I told you before that I was gone. Please, if you cannot bear to watch the conclusion to my tale, imagine that it ended there, that Blueblood and I were to be in love forever.

But in truth, it was not to be. For I did not come through the Gala unscathed. He was not told, but Blueblood guessed. The doctor had found that the damage was not from the trampling.

No, indeed I had a wasting disease. The doctor tried, but all he could do was slow it down and numb the pain. For it attacked the nerves, he said. I would eventually be unable to move, to play, to eat, and finally, at the end, to breath. My nerves would die off completely, he said, in less than a year from the Gala.

I hid it from Blueblood as best I could, but he knew something was wrong. He tried not to show it, but the worried looks when he gazed at me were unhide-able. I grew unable to feed myself, but I could still walk. With difficulty, for my legs were growing numb, but it was possible.

My last performance was at another of the upper class' parties. I told Blueblood, my love, my song, to wait for me. I would be back, I said, sooner than he could think.

I went out and played. I wasn't as capable as I usually was, my hooves still numb. But it passed, and I was able to leave, when a new group, among whom were the two ponies who had forced the Gala to a close, appeared at the party. I left as quickly as I could. Blueblood was waiting for me, in the Gala hall. I tried to run, and fell. He rushed to me. I couldn't move. I spoke to him "I'll be alright. Just need to see the doctor." The brave smile on his face could not mask the tears of fear in his eyes. I remember. He was the only one who paid attention to the mare who was not worth a bit.

He lifted me up, his horn straining as he did so. Like most of the unicorns, he didn't use his magic for things his body could do. It was a long trip, but he kept me stable. Even when he stumbled, I moved not an inch. He took me to the hospital, and lay me on a bed. He sat on the ground, exhausted. His eyes flickered, then he stood up again. "Doctor!" he called. "Doctor!"

A doctor came in. He saw me first, and ran to me. By then I was known by sight to all the ponies at the hospital. He looked at me, a sorrowful no in his eyes. And I sighed. It was to pass, then. I could not change a bit, and turning to Blueblood, I would not want to. I didn't have to be worth a bit.

He sat by my side those seven days, as my lungs eventually ceased to work. He watched me as I breathed my last, hot tears flowing down his eyes. And when I died, he screamed. "No! 'Tavi, you can't leave me like this! Please! I'll do anything! Help her!" The doctor at my side shook his head slowly. Blueblood collapsed, his head on my body, and cried.

The orderlies came in to remove my body for burial. But he stopped them, and carried it himself. He collapsed once, and rose back up, never letting me drop. He collapsed a second time, and my body shook. As he reached the door to the hospital, he collapsed a third time, and my body dropped.

It dropped, only to be caught by another. Celestia was there, her eyes red from the tears she had recently shed. Together, they carried my body away.
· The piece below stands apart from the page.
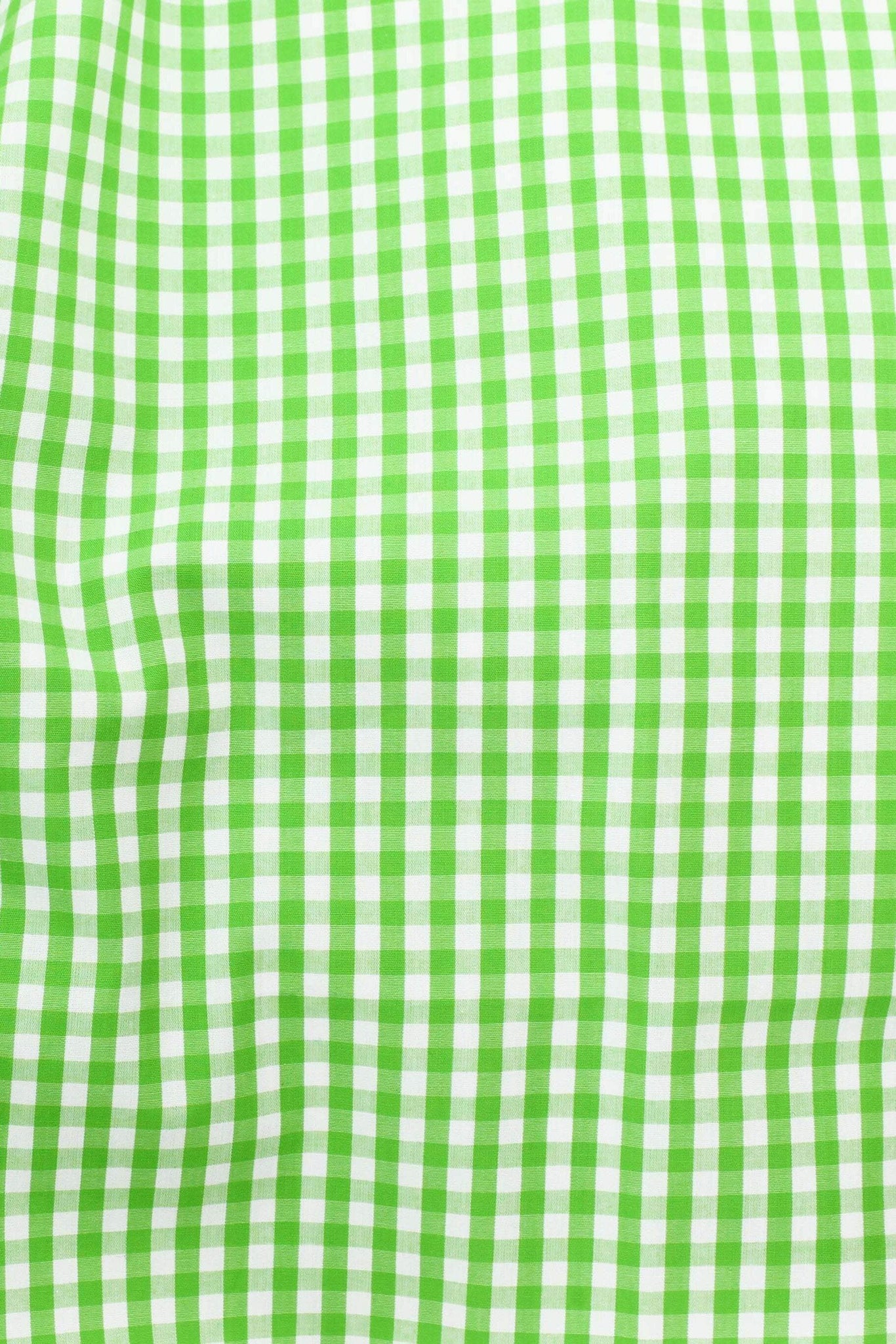 Antibes 1/8" Gingham Lime / White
It's a strange thing, to be dead. They say there is eternal reward after, but I didn't care. I stayed by him all his life. As he lay in his room and refused to leave, inconsolable after my death. As he gradually grew stronger, and his emotions started to return. As he finally flung open his room, a small mark on his head. The Treble Clef. My cutie mark. He never let it fade.

I watched him as he grew old, as his eyes grew dim and he began to remember only his past.
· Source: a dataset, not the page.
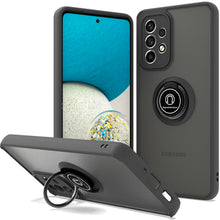 Load image into Gallery viewer, Samsung Galaxy A53 5G Case - Clear Tinted Metal Ring Phone Cover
He took to one memory, the first time he heard my music.

"Such finesse. Such beauty. How her works astound me. If I live forever I will never love a mare as I do her."

Then, as the passage of time came, he died too. He was buried, as were his wishes, next to me, in an unmarked grave. His spirit rose up, as mine did.

"'Tavi? waited for me." he said. "Let us enter the paradise together, my love." I replied.

I can only repeat what I said before.

Please, don't mourn for me. I am gone, the troubles of the world can no longer harm me. Mourn for those still struggling, those who don't have the strength to end it, those who have failed already.

Mourn for the lost children of Equestria. For those who are not worth a bit.